Apesar de os biocombustíveis serem apontados como alternativas sustentáveis à matriz energética dos combustíveis fósseis, altamente poluentes e agravantes da crise climática, o etanol de milho tem inúmeros impactos socioambientais em sua cadeia produtiva, como aberturas de novas áreas, desmatamento, contaminação das águas e do solo, redução de áreas de produção de alimentos e ameaças aos povos tradicionais. O Joio e O Trigo conta que o setor foi impulsionado pelo mercado financeiro e cresceu 800% em cinco anos.
📙 Cultura
Filmes com pelo menos uma diretora possuem uma equipe feminina maior, segundo o relatório anual “The Celluloid Celing”, que investiga a empregabilidade de mulheres na indústria cinematográfica. É o caso de “Barbie”, de Greta Gerwig, que estreou nos cinemas na semana passada e tem causado alvoroço nas redes sociais. Em artigo ao Projeto Colabora, a jornalista Júlia Pessôa avalia que as reações machistas ao longa acabaram por reforçar o próprio roteiro, que debocha de estereótipos da masculinidade frágil e de privilégios patriarcais. “Nada do que se vê no capitalismo é espontâneo, muito menos a nostalgia da Barbie. O que aconteceu de fato espontaneamente foi a transição de gênero do filme, de uma comédia ficcional para documentário.”
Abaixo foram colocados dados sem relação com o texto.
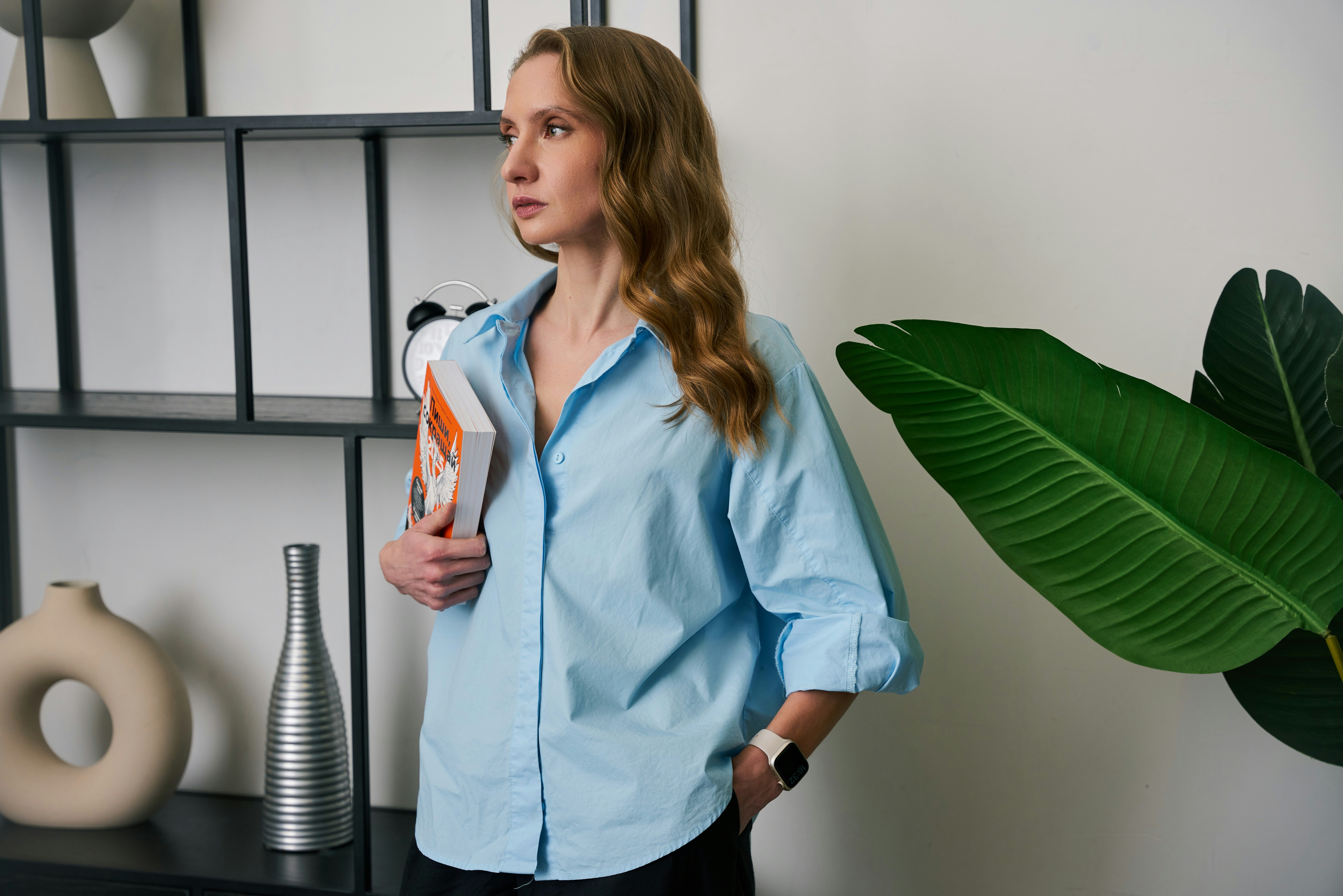 a woman standing in front of a shelf holding a bottle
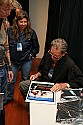 Gaffer Rich Aguilar autographs an Easy Rider poster at the inaugural Mendocino Film Festival in 2006.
Artista e líder religiosa, a Mãe Beth de Oxum foi reconhecida como Patrimônio Vivo do estado de Pernambuco, no ano passado. Ela mantém há 25 anos a tradicional manifestação artística do Coco de Roda, ao lado do marido, o percussionista Mestre Quinho Caetés, no Coco de Umbigada, no bairro de Guadalupe, em Olinda (PE). A Agência Pública perfila a Ialorixá, que participou da criação do primeiro grupo de Maracatu exclusivamente feminino da cidade, em 1983. Até então, mulheres não eram ensinadas a tocar as alfaias – tambores de madeira tradicionalmente utilizados em ritmos como o maracatu e o coco. “Éramos mulheres de diferentes terreiros que, aos poucos, fomos nos apropriando desse conhecimento que diziam ser proibido. Era uma revolução silenciosa”, lembra Mãe Beth.
🎧 Podcast
Embora o futebol seja frequentemente um espaço pouco acolhedor para pessoas LGBTQIA+, Jaqueline atravessou o processo de transição de identidade de gênero aos 40 anos e conseguiu manter sua paixão pelo esporte e atuar no mesmo time de várzea que jogava, o União Lapa, de São Paulo. No “Dissidentes”, produção da Rádio Guarda-Chuva, ela conta como passou a se entender enquanto uma mulher trans e como foi entrar em campo antes e depois desse processo.
🙋🏾♀️ Raça e gênero
“Sobrevivemos e vivemos porque sonhamos e construímos outras possibilidades de mundo”, escreve a jornalista e ativista Thais Folego, em coluna na revista AzMina. Ela explica que compreendeu a resistência e a permanência – apesar de todas as políticas de extermínio – de mulheres negras no país a partir do “bem viver”, um conceito nomeado por indígenas do continente americano, mas que pode ser encontrado na prática também entre povos africanos. Essa visão de mundo de comunidades tradicionais traz uma concepção de organização social baseada na coletividade e no cuidado com o outro. “Todo dia 25 de julho, tomamos as ruas do centro da maior metrópole do hemisfério sul para reivindicar condições de vida dignas. É luta política e momento de grande afeto”, completa.